*Your instructions*
Every line of the material must be given again verbatim. Skip the images.

*Data extracts*
# # # #

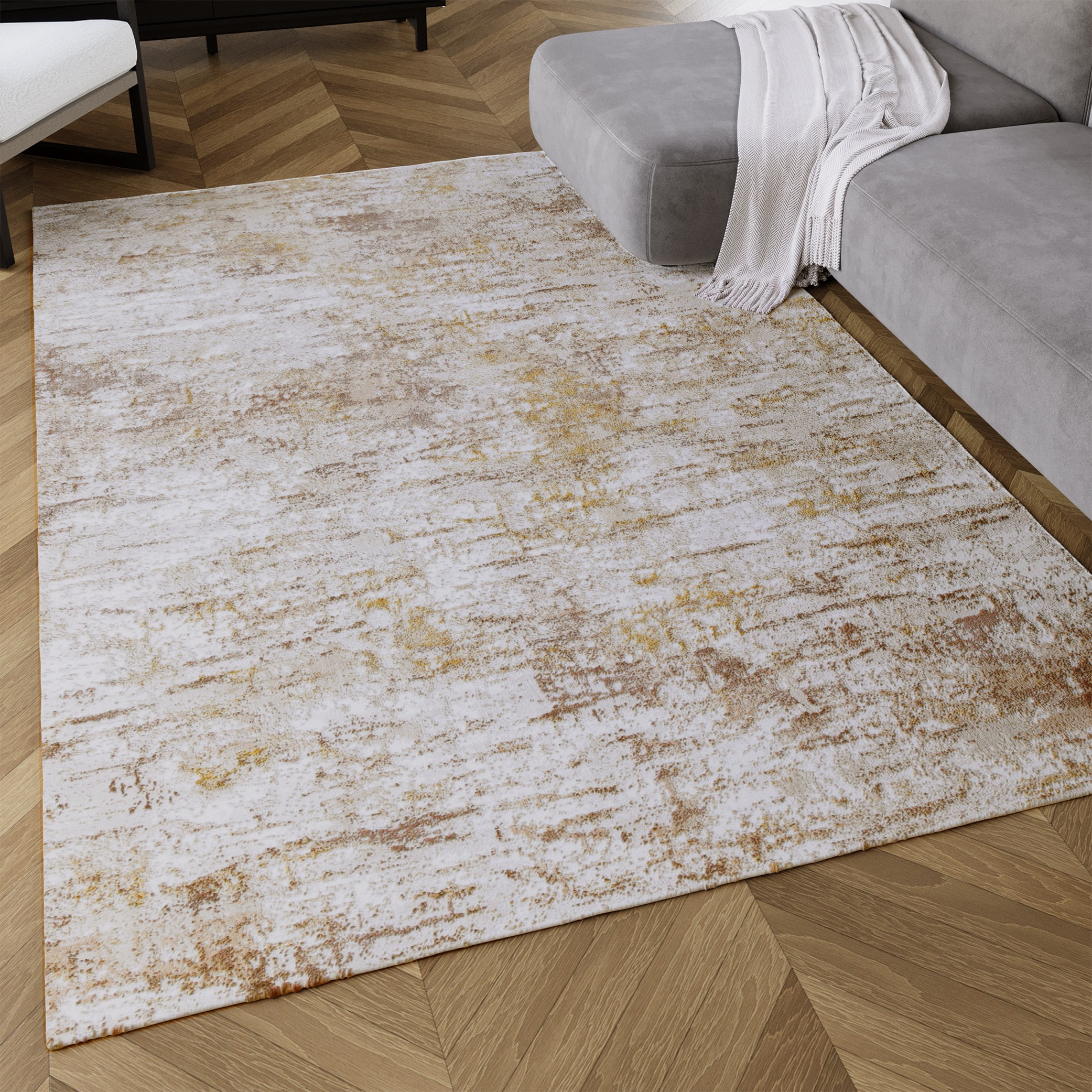 Teppich ESPRIT "Feel Vintage", gold, B:160cm H:12mm L:225cm, Polyester, Teppiche, Teppich, Kurzflorteppich, gewebt, Vintage, retro, edel, orientalisch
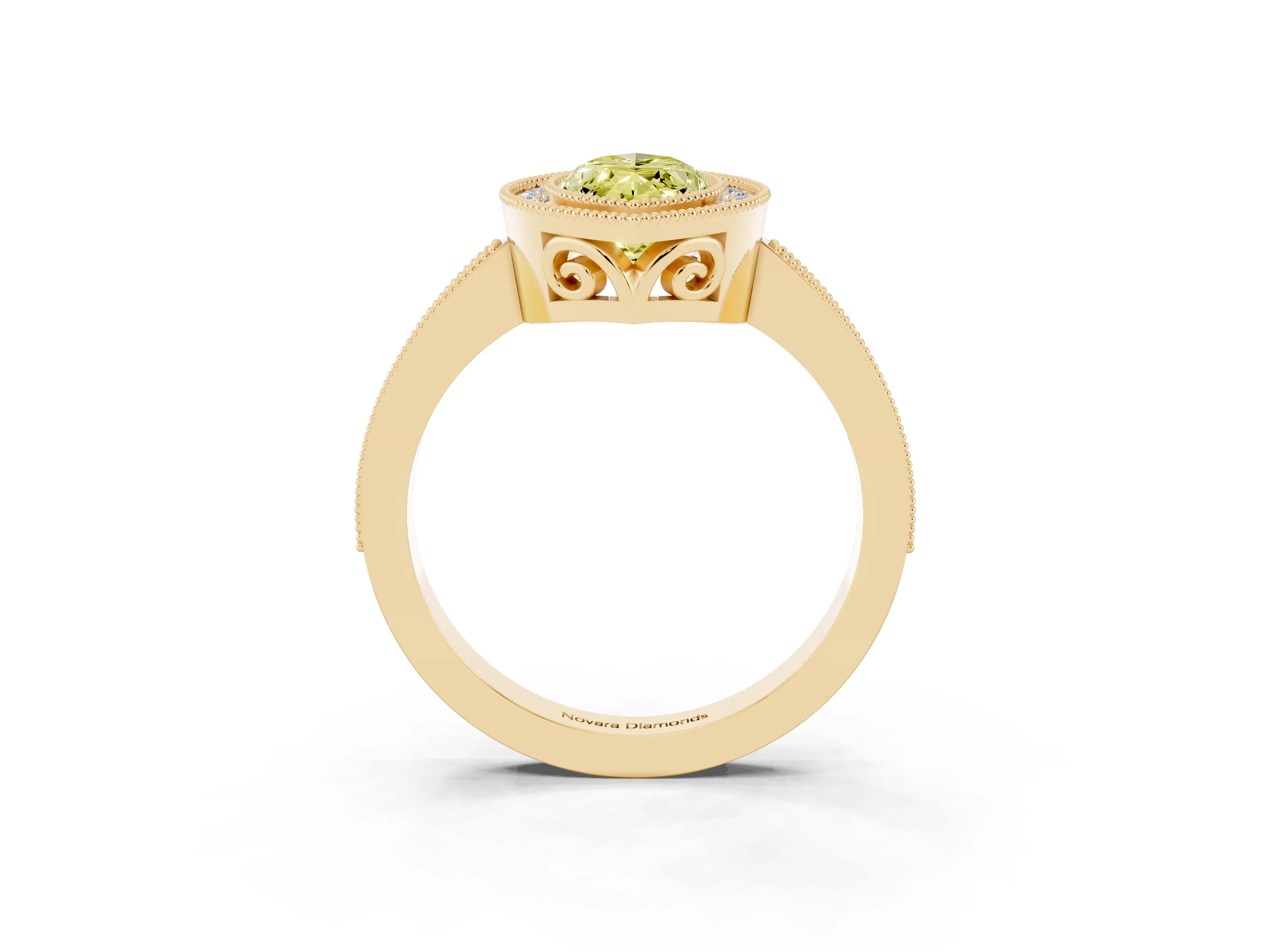 Fancy Yellow Marquise Cut Diamond Halo Ring Set in Yellow gold with Pavé Band and Milgrain-Edged Prongs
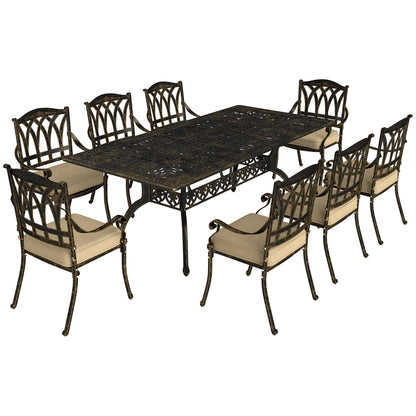 Outsunny nine-piece cast aluminium dining set with bronze-tone table and eight beige-cushioned chairs
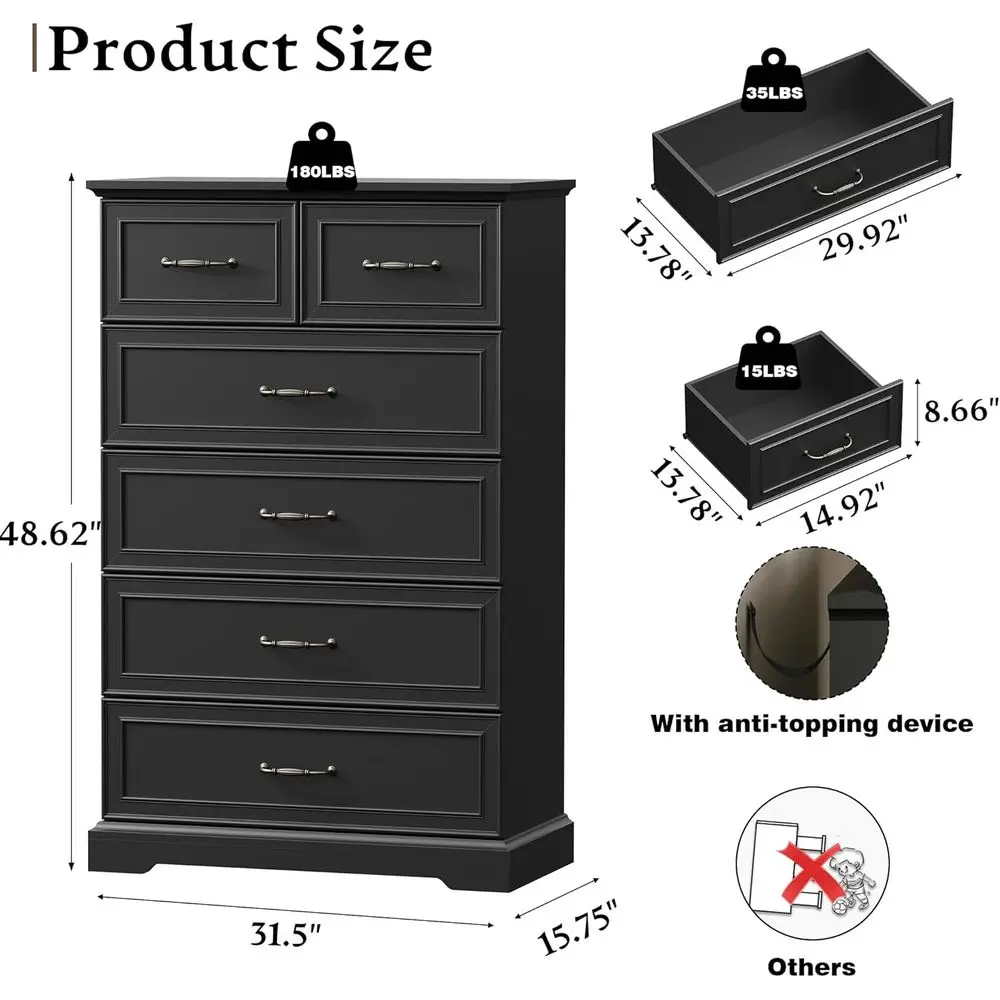 DAFIFY Cômoda de 6 gavetas para quarto, 49 cômodas modernas com gavetas profundas e alças de bar, suporte de TV de madeira rústica, órgão de armazenamento de madeira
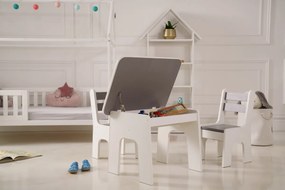 Detský stolík a dve stoličky so šuflíčkami v šedom odtieni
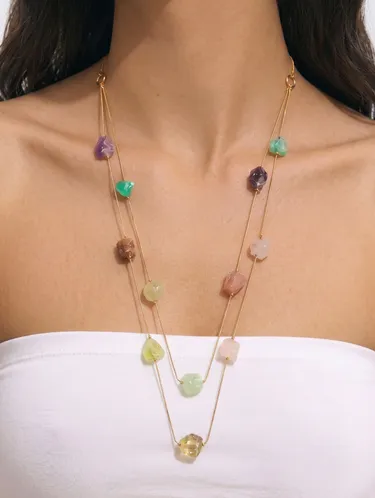Long Double Necklace With Stones 250823 — image 3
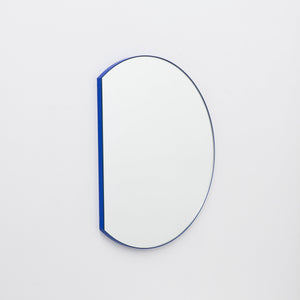 20% off Ready to Ship - Orbis Trecus Cropped Circular Modern Mirror with a Blue Frame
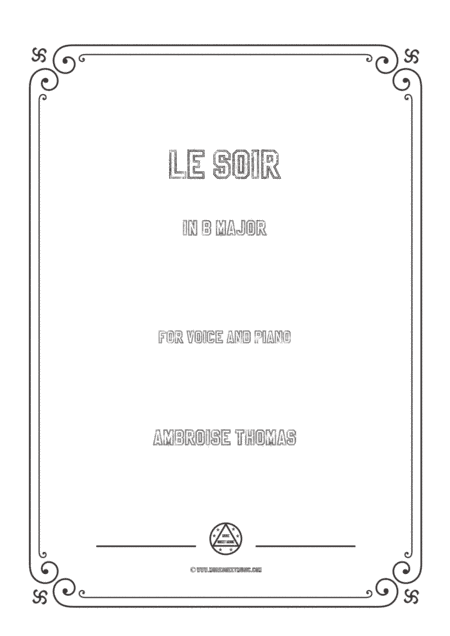 Thomas-Le soir in B Major,for Voice and Piano (arr. MSM)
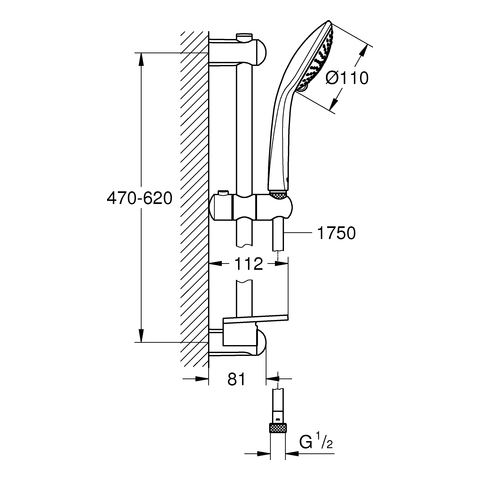 Grohe Euphoria Champagne 600mm Brausegarnitur Brausestange 600mm 27232001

# # # #

*Exercise output*
 Teppich ESPRIT "Feel Vintage", gold, B:160cm H:12mm L:225cm, Polyester, Teppiche, Teppich, Kurzflorteppich, gewebt, Vintage, retro, edel, orientalisch
 Fancy Yellow Marquise Cut Diamond Halo Ring Set in Yellow gold with Pavé Band and Milgrain-Edged Prongs
 Outsunny nine-piece cast aluminium dining set with bronze-tone table and eight beige-cushioned chairs
 DAFIFY Cômoda de 6 gavetas para quarto, 49 cômodas modernas com gavetas profundas e alças de bar, suporte de TV de madeira rústica, órgão de armazenamento de madeira
 Detský stolík a dve stoličky so šuflíčkami v šedom odtieni
Long Double Necklace With Stones 250823 — image 3
 20% off Ready to Ship - Orbis Trecus Cropped Circular Modern Mirror with a Blue Frame
 Thomas-Le soir in B Major,for Voice and Piano (arr. MSM)
 Grohe Euphoria Champagne 600mm Brausegarnitur Brausestange 600mm 27232001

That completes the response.